[Collection entries]

□ □ □ □ □

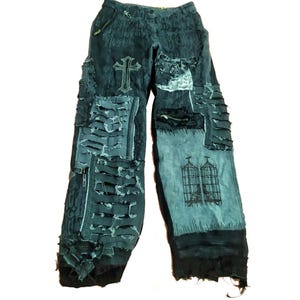 May include: Dark blue denim trousers with distressed details, featuring a cross and a cage design. The trousers have multiple layers of fabric and frayed edges.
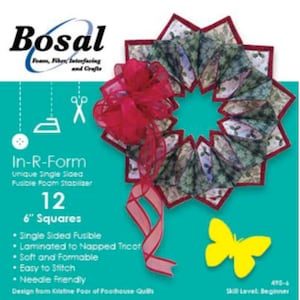 May include: A craft supply package featuring a wreath made of fabric with a red border and a large red bow. The package includes 12 squares, each 6 inches. The text on the package reads "Bosal In-R-Form" and "Beginner". A yellow butterfly is also visible.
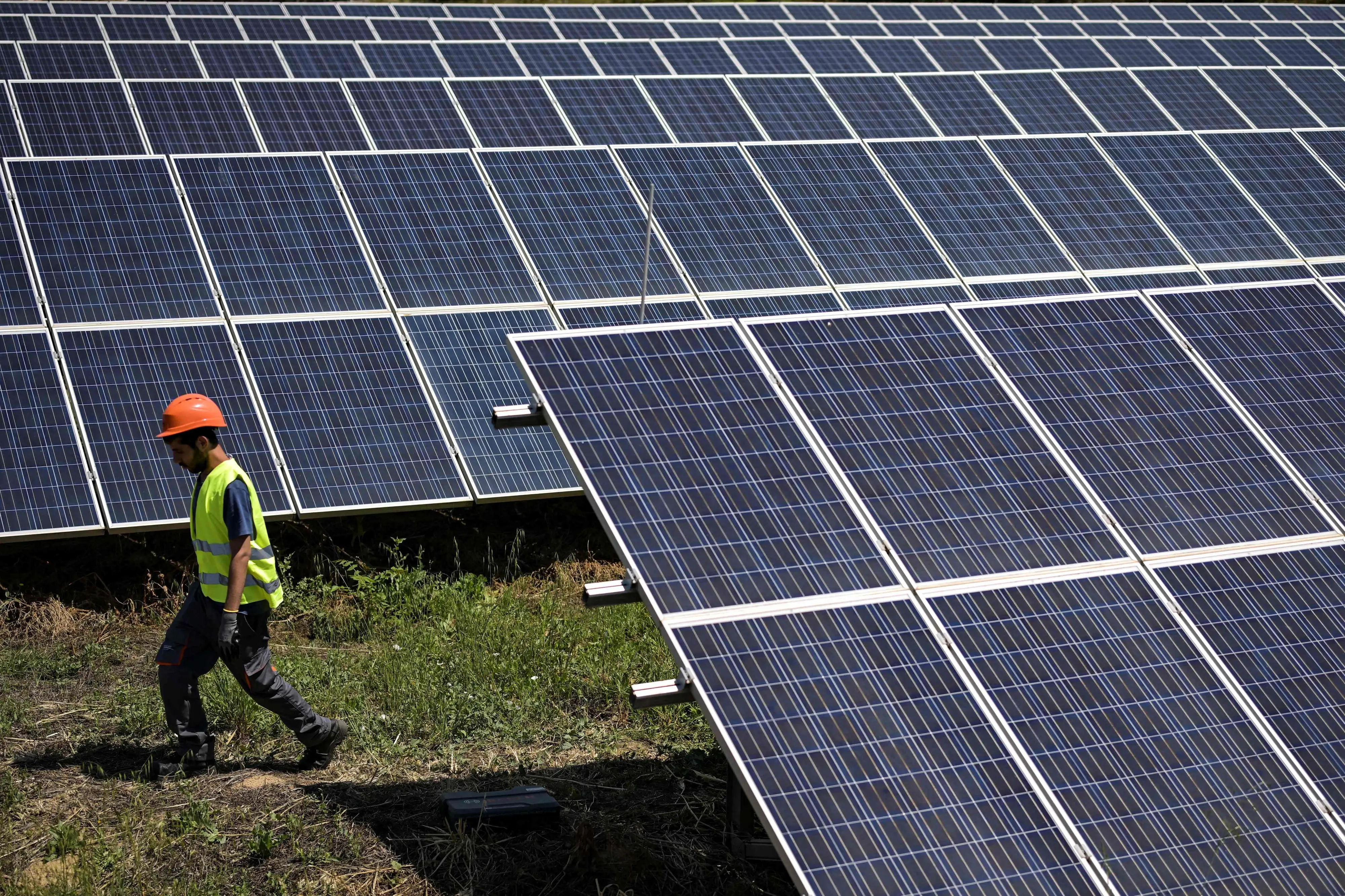 Worker near solar panel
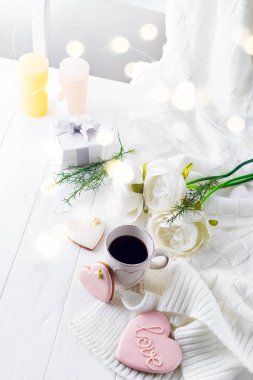 Yatakta romantik kahvaltı. Kahve, kurabiye, hediye kutusu ve çiçek ahşap masa üzerinde. Sevgililer günü kavramı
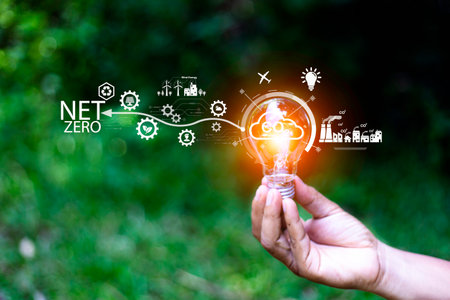 Net zero concept. Hand holding bulb with net zero icon. It is surrounded by a clean energy icon. Net...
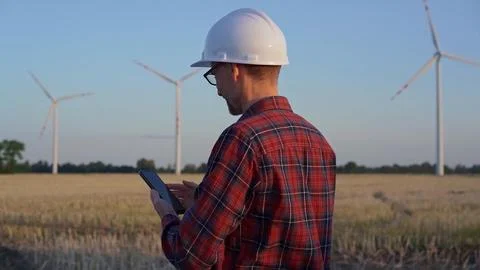 Man engineer, wearing a white protective helmet is talking by smartphone in a Stock Photos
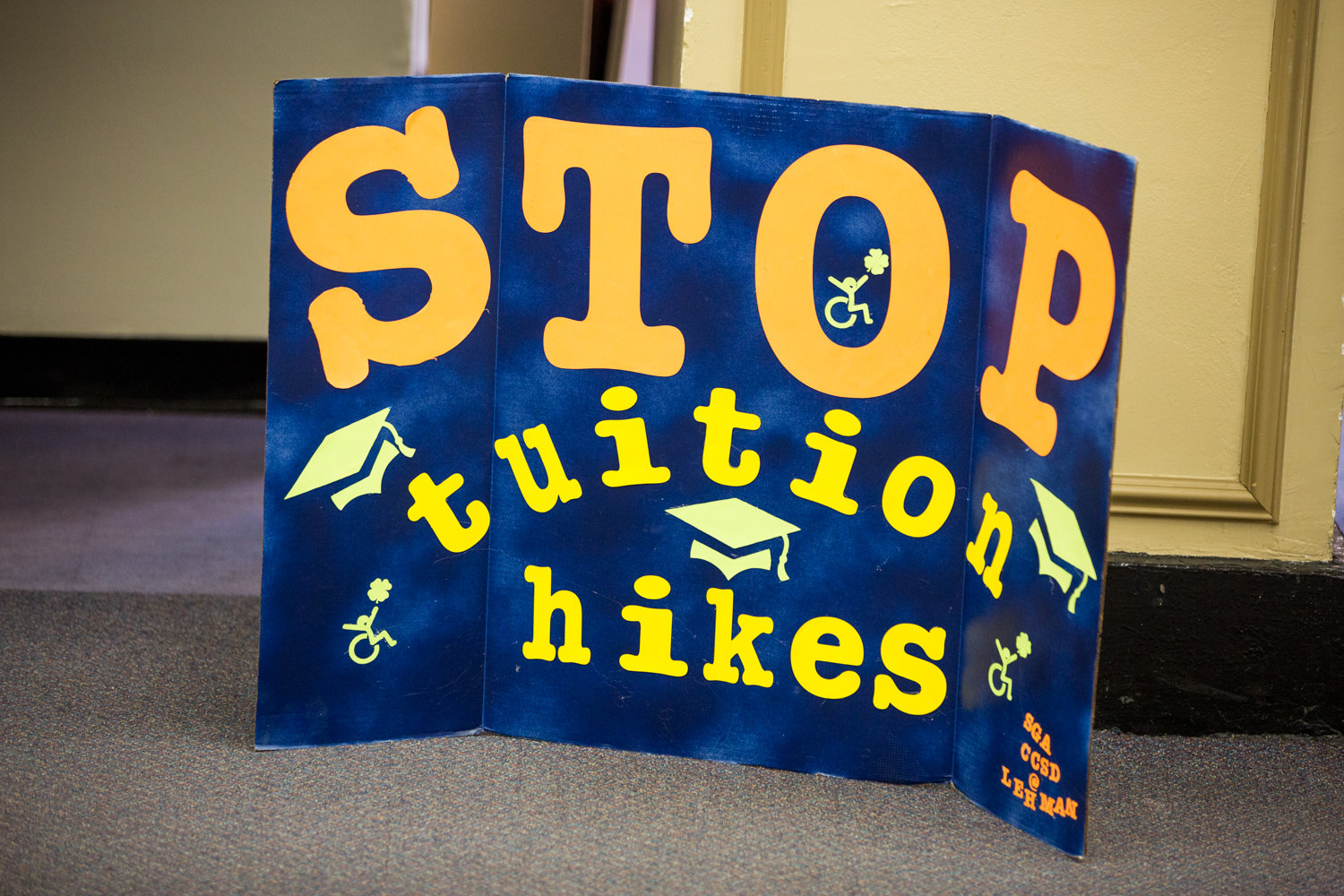 A poster that reads ‘Stop tuition hikes’ stands on the floor during a March 9 forum hosted by the CUNY Rising Alliance at Lehman College, which dealt with proposed budget cuts and tuition hikes.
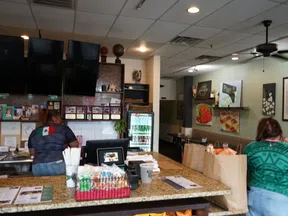 Interior of a casual restaurant with two workers behind the counter and takeout bags on the table.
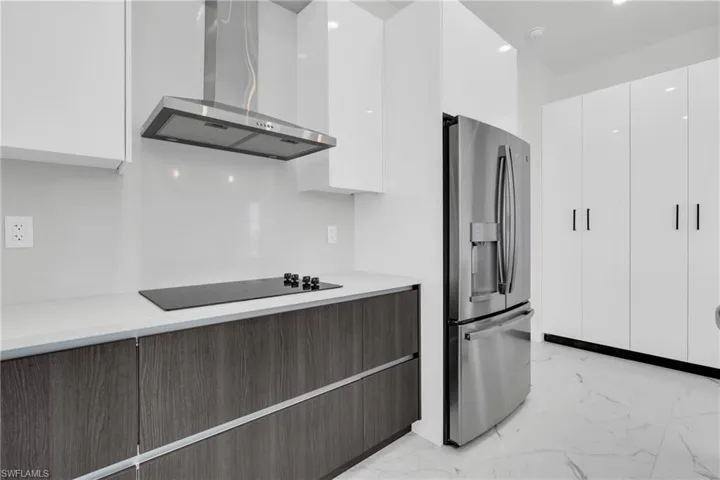 Kitchen featuring stainless steel refrigerator with ice dispenser, marble finish floor, wall chimney exhaust hood, and black electric cooktop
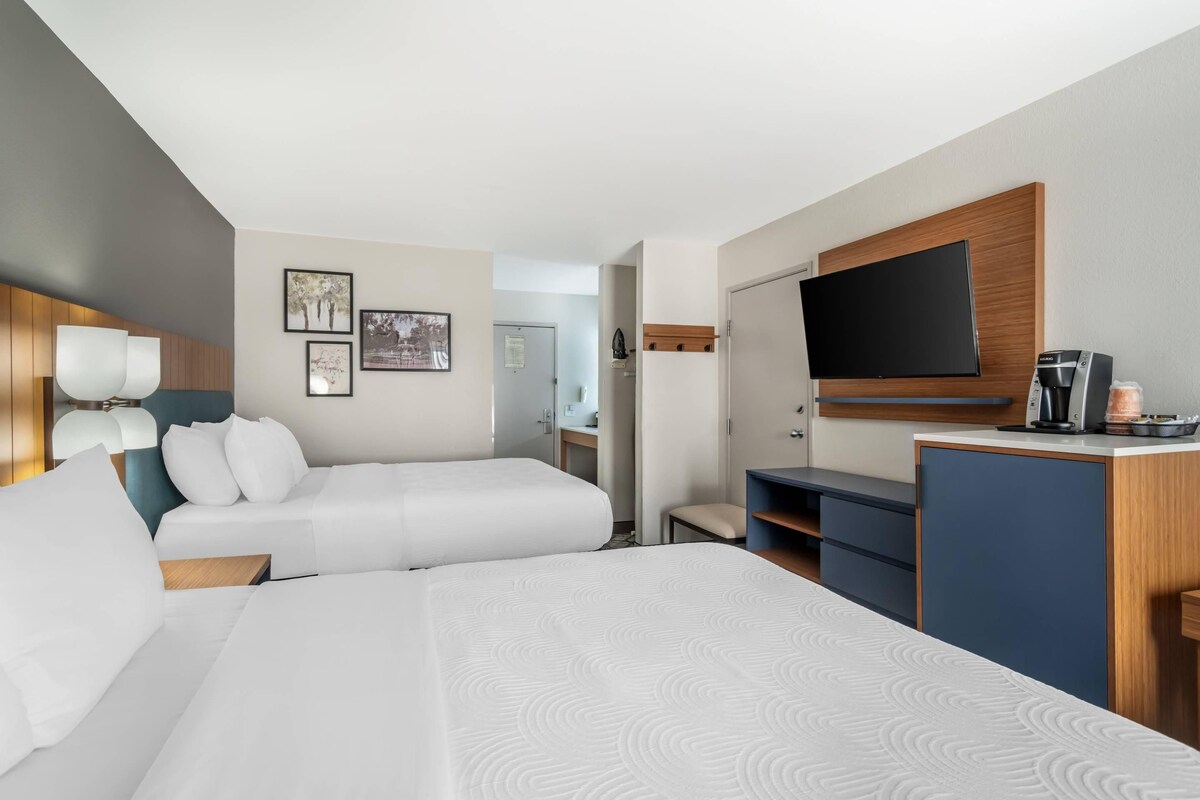 Hotellihuone, jossa on kaksi sänkyä, televisio, kahvinkeitin ja työpöytä.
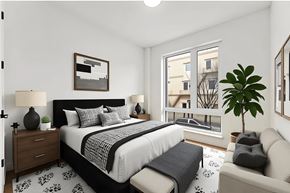 Brooklyn apartment for rent - A bedroom with a large bed, a couch, and a plant.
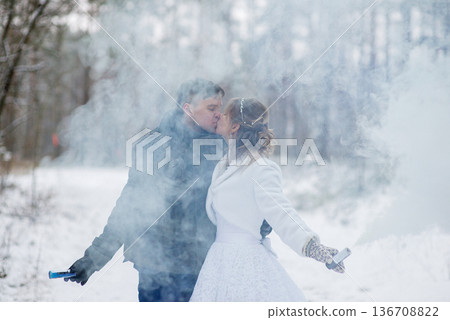 Romantic Winter Kiss With Smoke Flares In Forest Romantic Winter Kiss With Smoke Flares In Forest 136708822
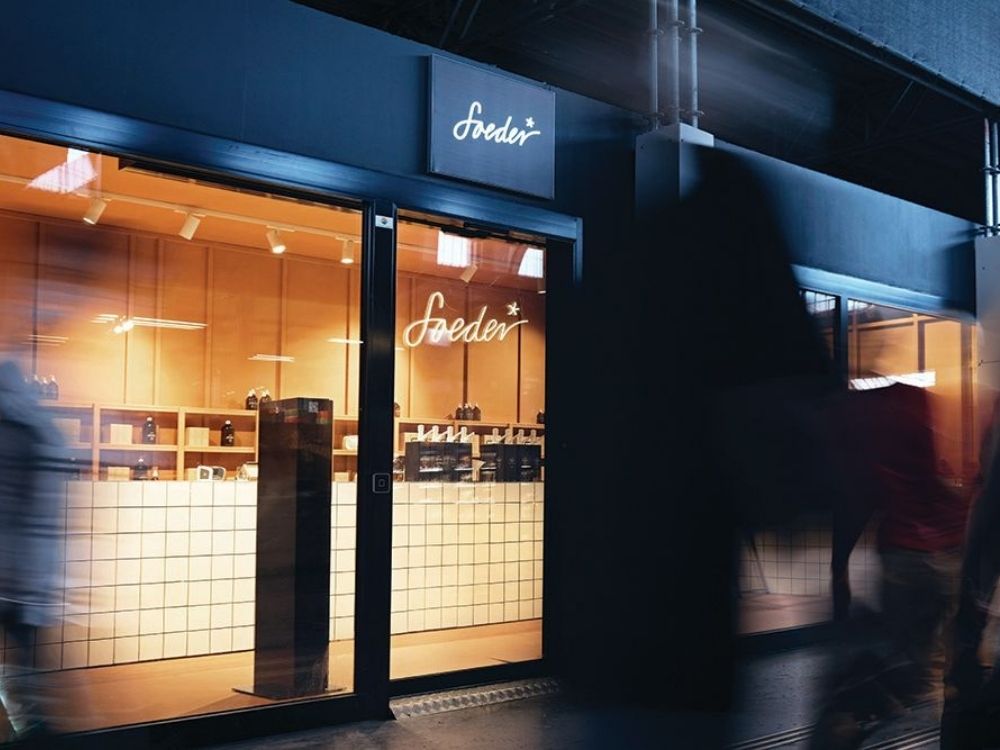 A modern storefront with a bright interior and a glowing sign reading "Soeder."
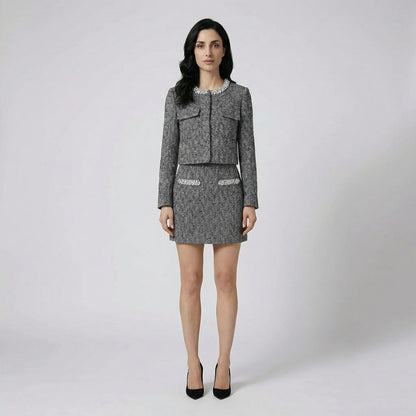 Front view of Susan two-piece herringbone tweed set featuring a crystal-embellished collarless jacket and matching mini skirt on a cream sofa.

□ □ □ □ □

*Task to carry out:*
Retype the records above word for word, from their first line through the line containing "Worker near solar panel", and leave out every picture.

*Response for this exercise:*
 May include: Dark blue denim trousers with distressed details, featuring a cross and a cage design. The trousers have multiple layers of fabric and frayed edges.
 May include: A craft supply package featuring a wreath made of fabric with a red border and a large red bow. The package includes 12 squares, each 6 inches. The text on the package reads "Bosal In-R-Form" and "Beginner". A yellow butterfly is also visible.
 Worker near solar panel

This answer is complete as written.